» Directions: Without the pictures, print the lines running from the beginning of the material to the line containing "Danfoss Thermostatventil mit", both ends included.

» Source records:
.....

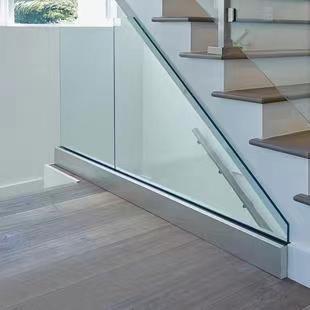 China Custom Frameless Glass Railing Modern Style Easy Installation for sale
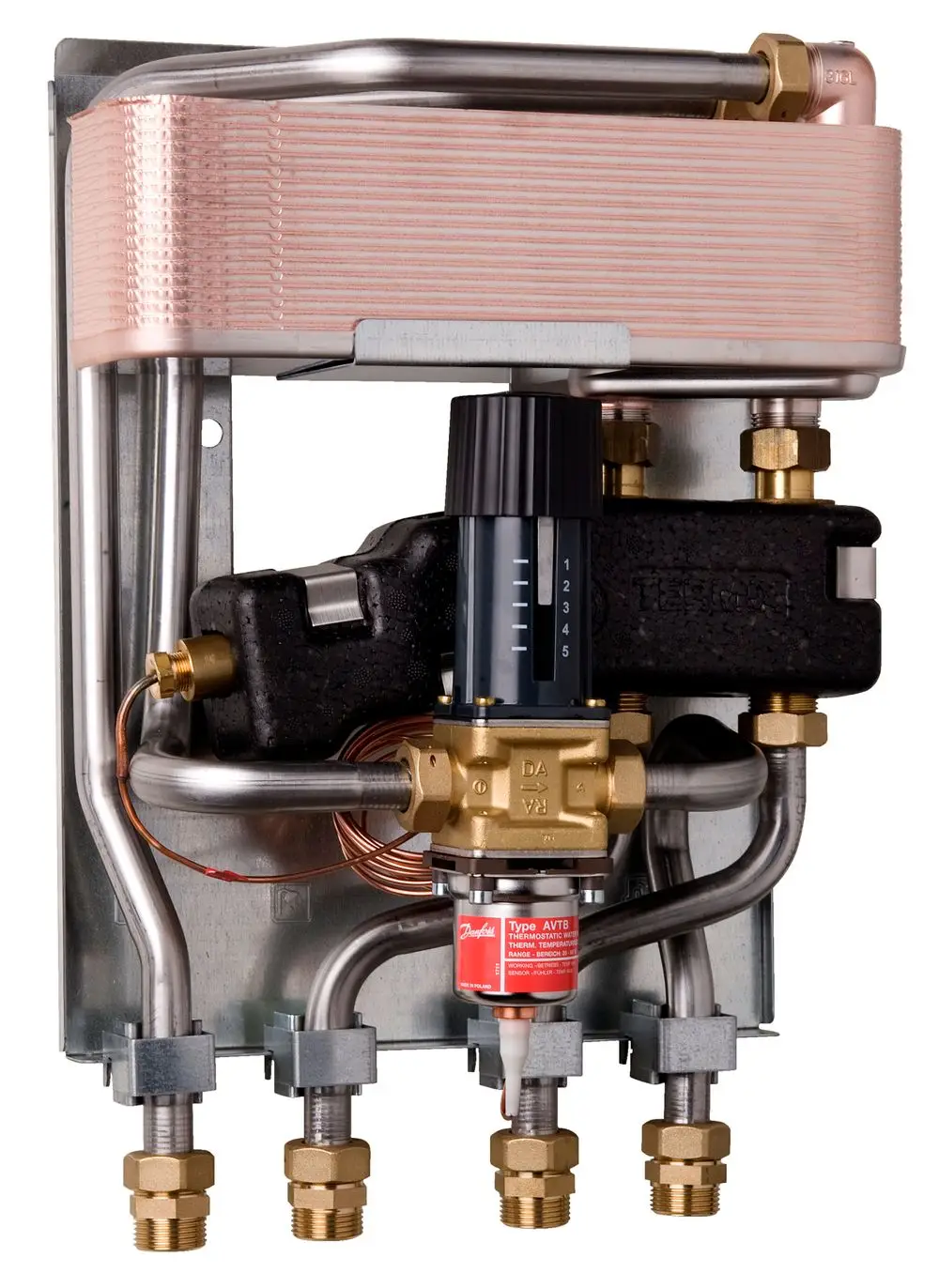 Danfoss Thermostatventil mit Anschlussrohren und Wärmeübertrager. Strukturierte Metalloberfläche und einstellbare Skala zur Temperaturregelung.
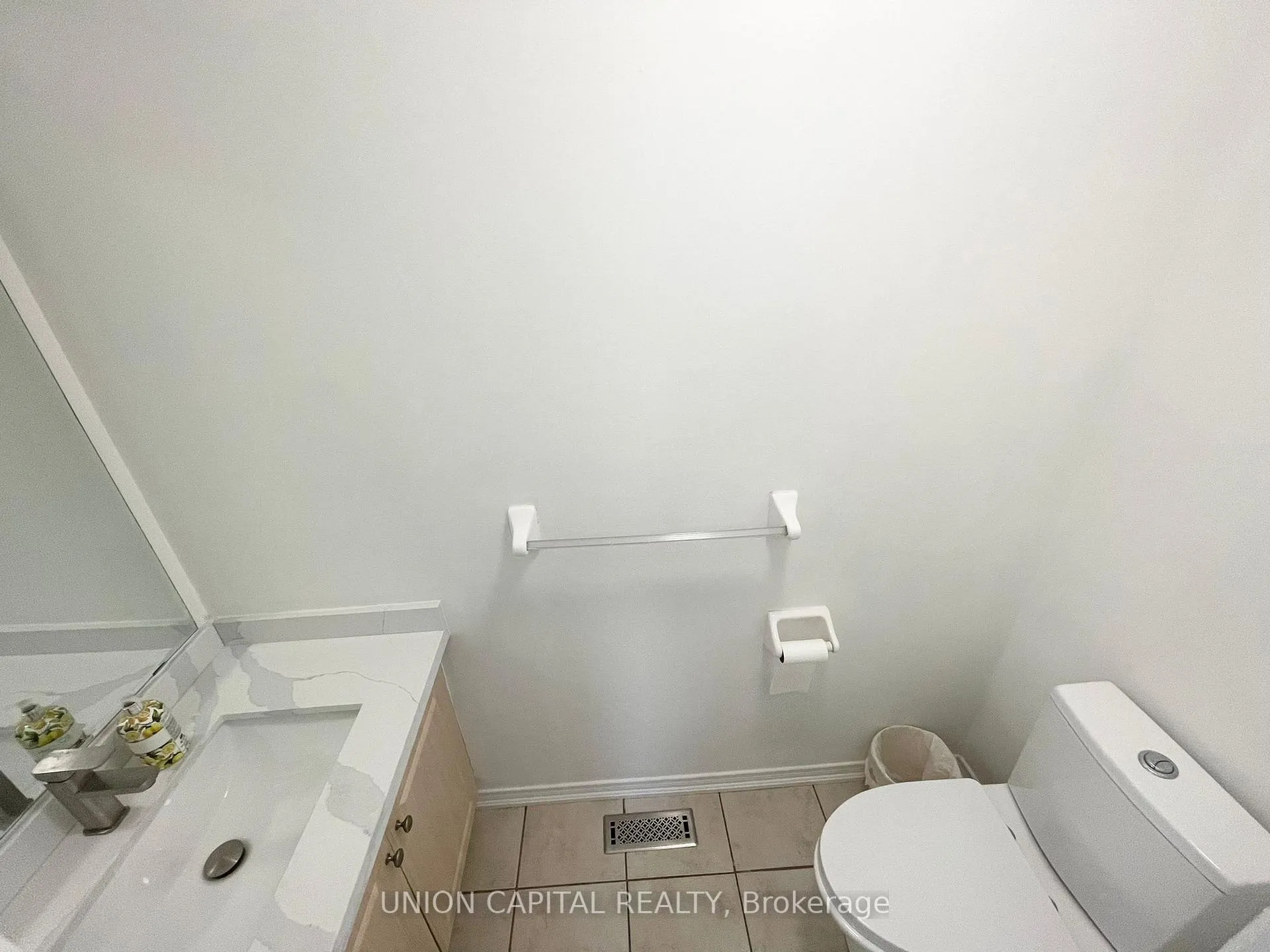Photo 19 of 91 Starr Crescent, Aurora, Bayview Wellington — HOMEH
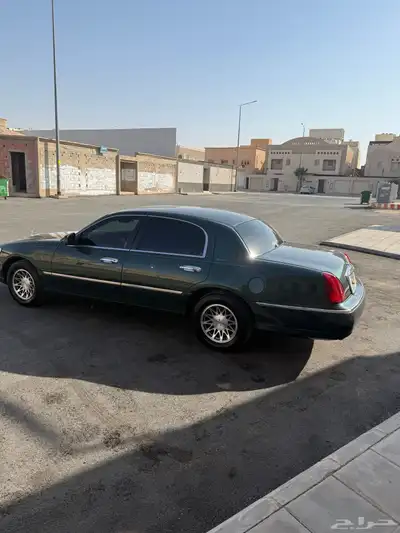 لينكولن تاون كار 1999 20
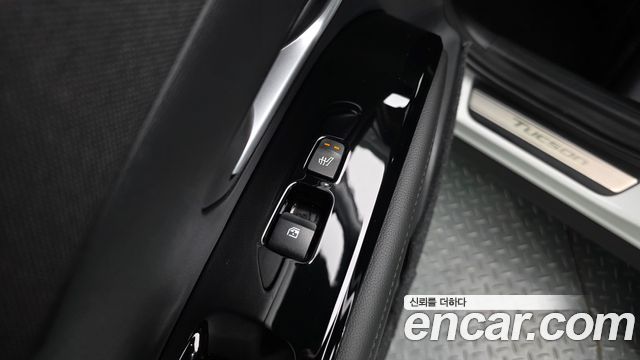 Hyundai Tucson (NX4) Gasoline 1.6 Turbo 2WD Inspiration 2022 — фото 17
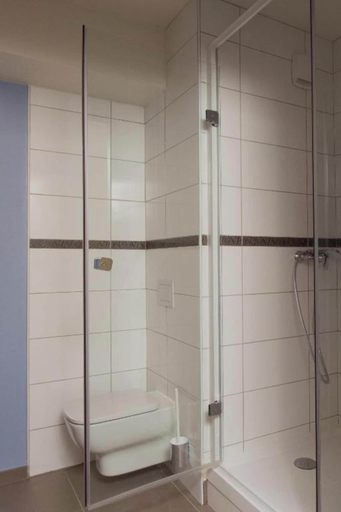 Bathroom 19
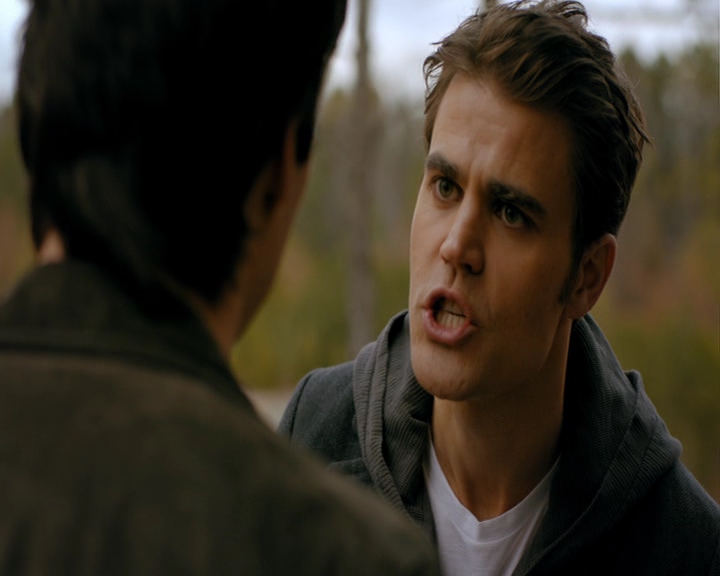 VampireDiaries-dot-nl_VampireDiaries-8x14ItsBeenAHellOfARide0763.jpg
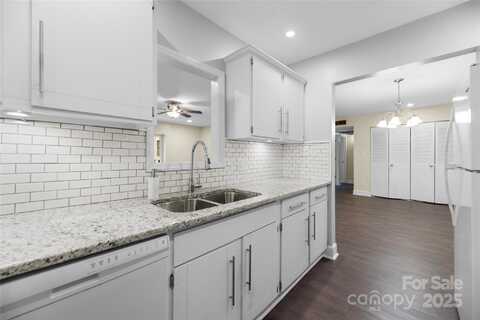 1323 Queens Road unit: 218, Charlotte, NC 28207
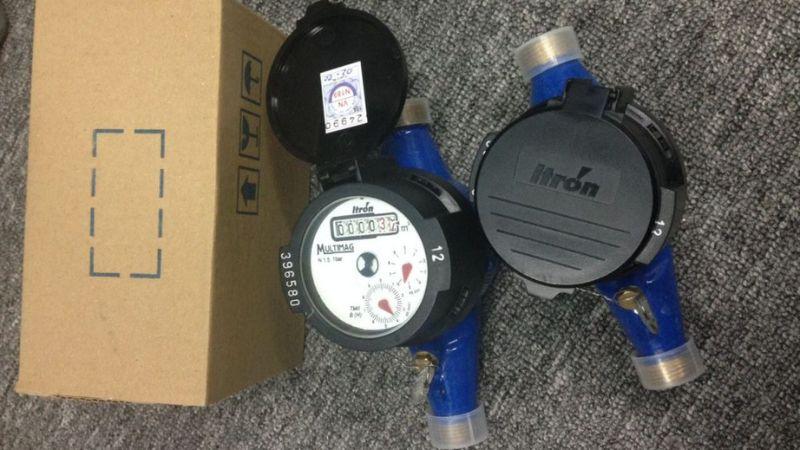 Hướng dẫn chi tiết cách đọc đồng hồ nước một cách dễ hiểu và đơn giản, giúp bạn dễ dàng theo dõi và tính toán hóa đơn nước hàng tháng một cách chính xác.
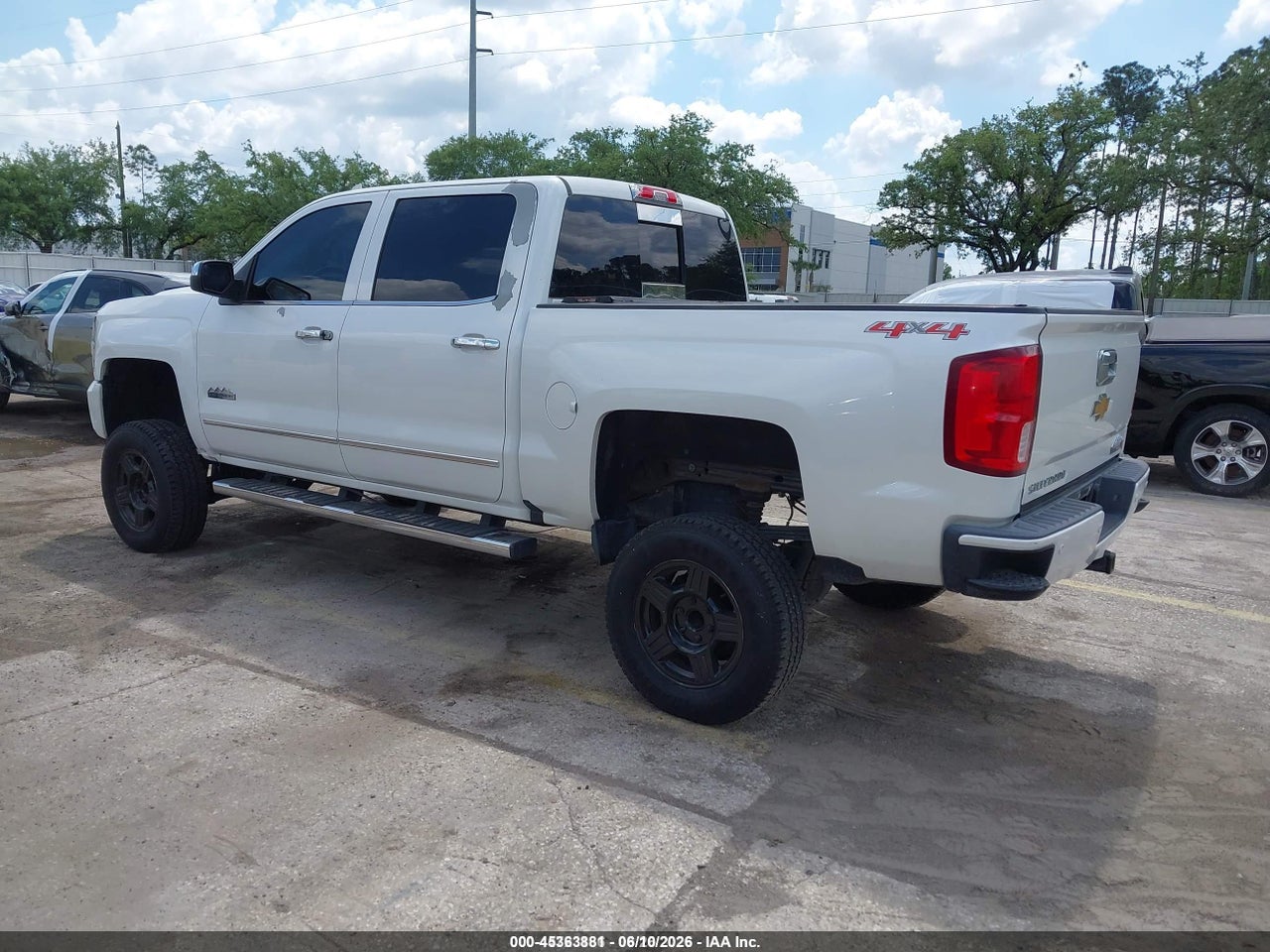 2016 CHEVROLET SILVERADO 1500 HIGH COUNTRY thumbnail 4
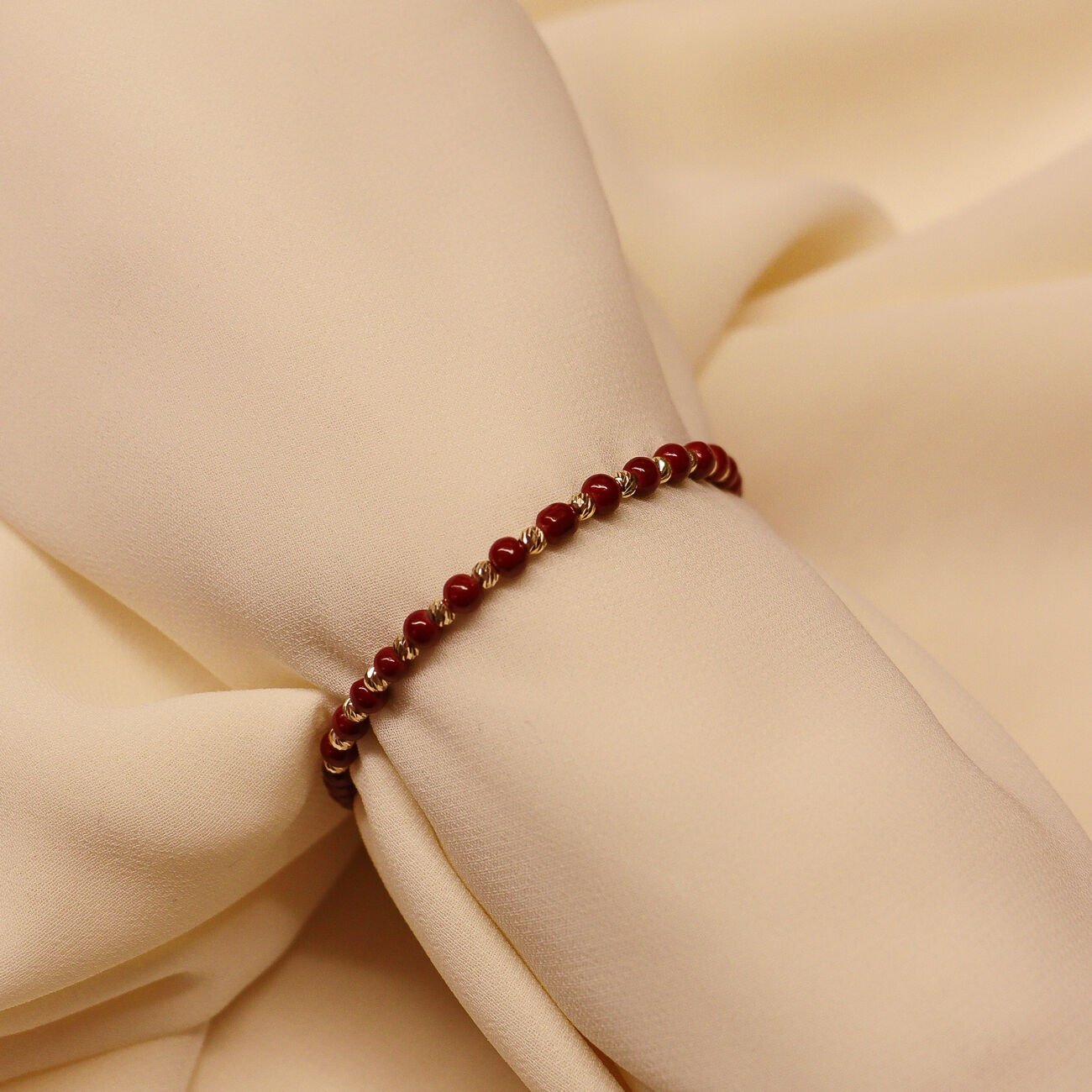 3 Mm Dorika Yıldız Taşı İpli Bileklik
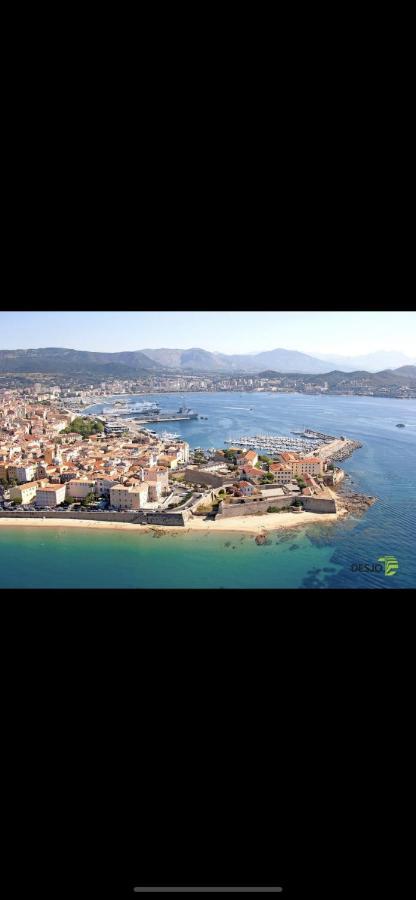 Ajaccio Magnifique T2 45M2 Neuf 5 Personnes Clim Wifi Stationnement Gratuit Centre Ville Plage A 300M Exterior photo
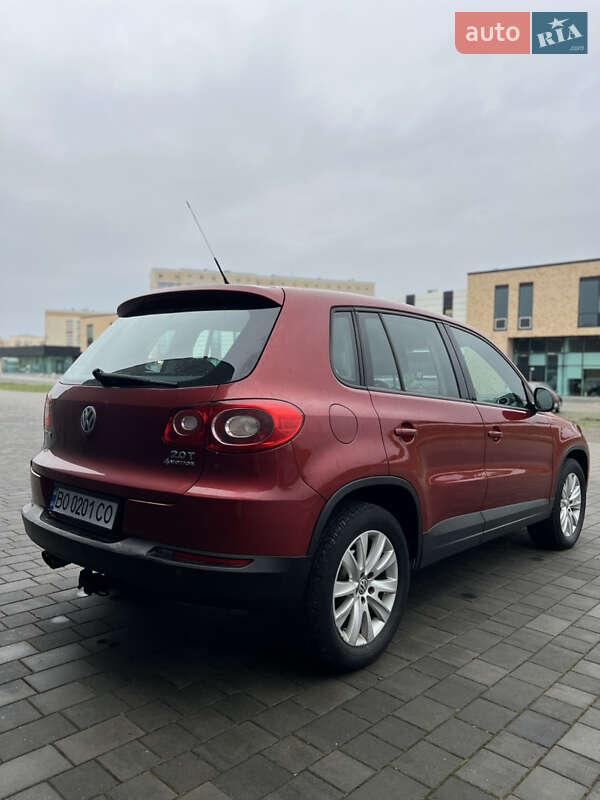 Внедорожник / Кроссовер Volkswagen Tiguan 2010 в Хмельницком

.....

» Task answer:
 China Custom Frameless Glass Railing Modern Style Easy Installation for sale
 Danfoss Thermostatventil mit Anschlussrohren und Wärmeübertrager. Strukturierte Metalloberfläche und einstellbare Skala zur Temperaturregelung.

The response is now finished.